Como se puede apreciar, la sangre corría con harta facilidad tanto en los marmóreos salones del Olimpo como en las decoradas estancias de los palacios en los que vivían los vips de la era micénica. El caso de Edipo, que era hijo de un rey tebano llamado Layo, fue, si cabe, todavía más trágico, porque debido a una cadena de equívocos, como decía, acabó matando a su padre, sin saber quién era y acostándose después con Yocasta, ignorando que era su madre. Al descubrir lo ocurrido, en un gesto de desesperación, se cegó perforándose los ojos con el prendedor de un vestido de Yocasta. Esta tragedia fue inmortalizada por Sófocles y Eurípides, dos de los grandes genios del teatro griego.

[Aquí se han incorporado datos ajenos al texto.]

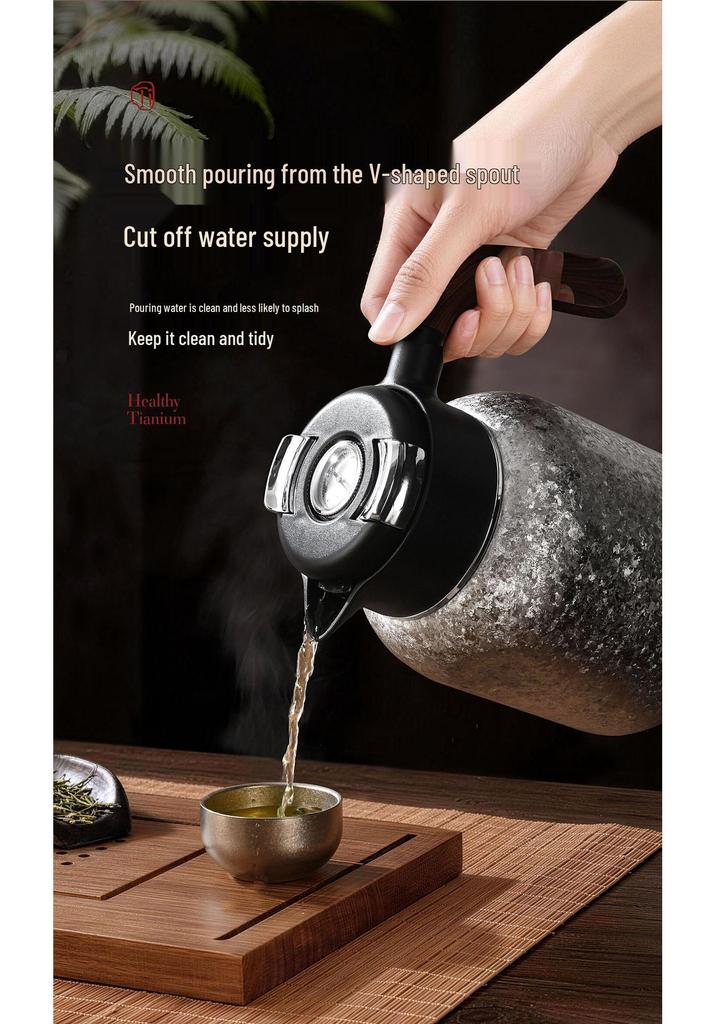 High-End Portable Pure Titanium Insulated Tea Set: Stewing Teapot, Teacups, Gift Box, Ideal for Business Travel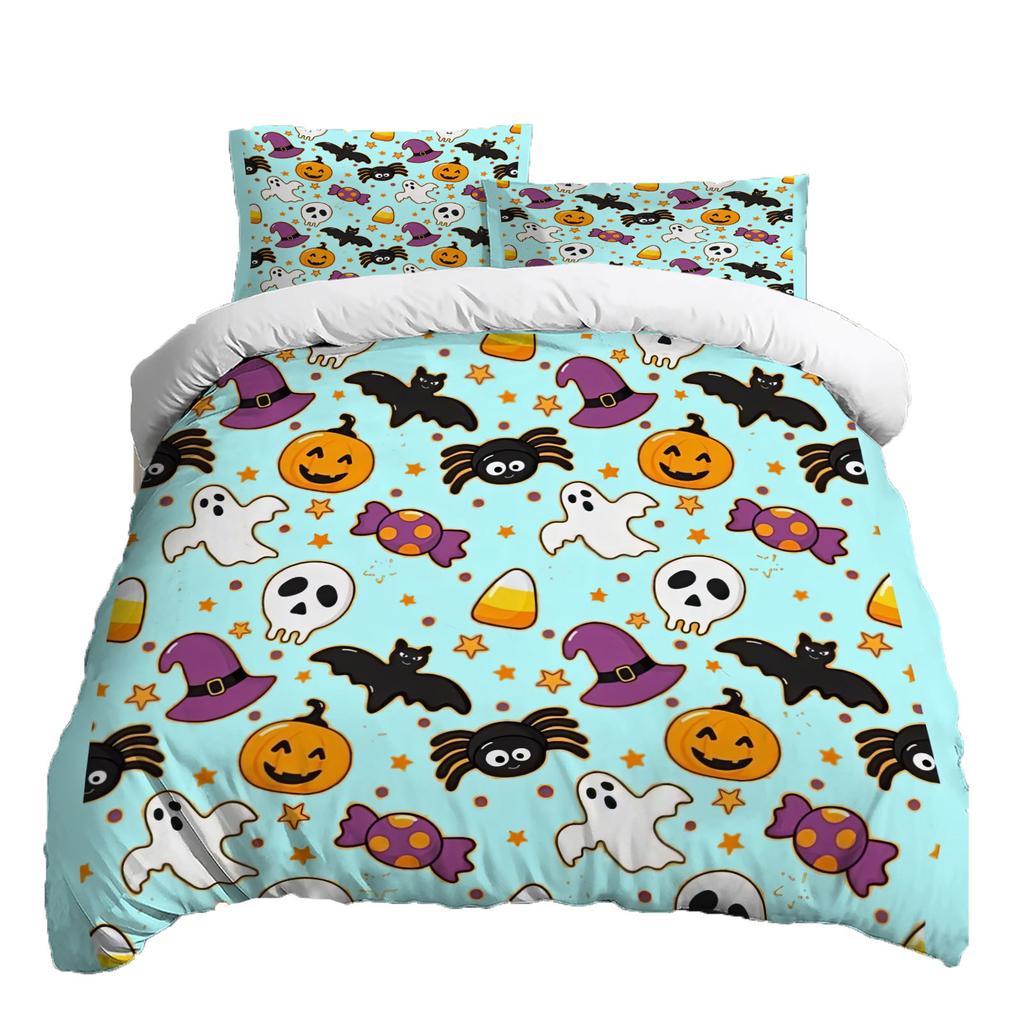 Halloween Three-piece Bedding Set Quilt Cover Pillowcase Brushed Fabric Thickened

La muerte del padre a manos del hijo como parte de un ritual simbólico ya había conocido otros casos representados en ceremonias religiosas frecuentes en los relevos en el poder según las tradiciones de algunos pueblos de la Antigüedad. El poder político asociado con la potencia genésica. Para el filósofo y psicoanalista alemán Erich Fromm, el mito de Edipo reflejaría la antigua creencia que señala que el matriarcado habría precedido en el tiempo al régimen patriarcal autoritario. Es probable. El psicoanálisis, como el papel, lo aguanta todo. Así que Gea nunca habría podido pensar que, con el paso del tiempo, alguien habría concluido que la castración y posterior muerte de Urano a manos de su hijo Crono en lugar de ser la desesperada respuesta a una situación reiterada de malos tratos, fue en realidad un episodio, uno más, de la lucha por el poder. Un simple y socorrido juego de tronos.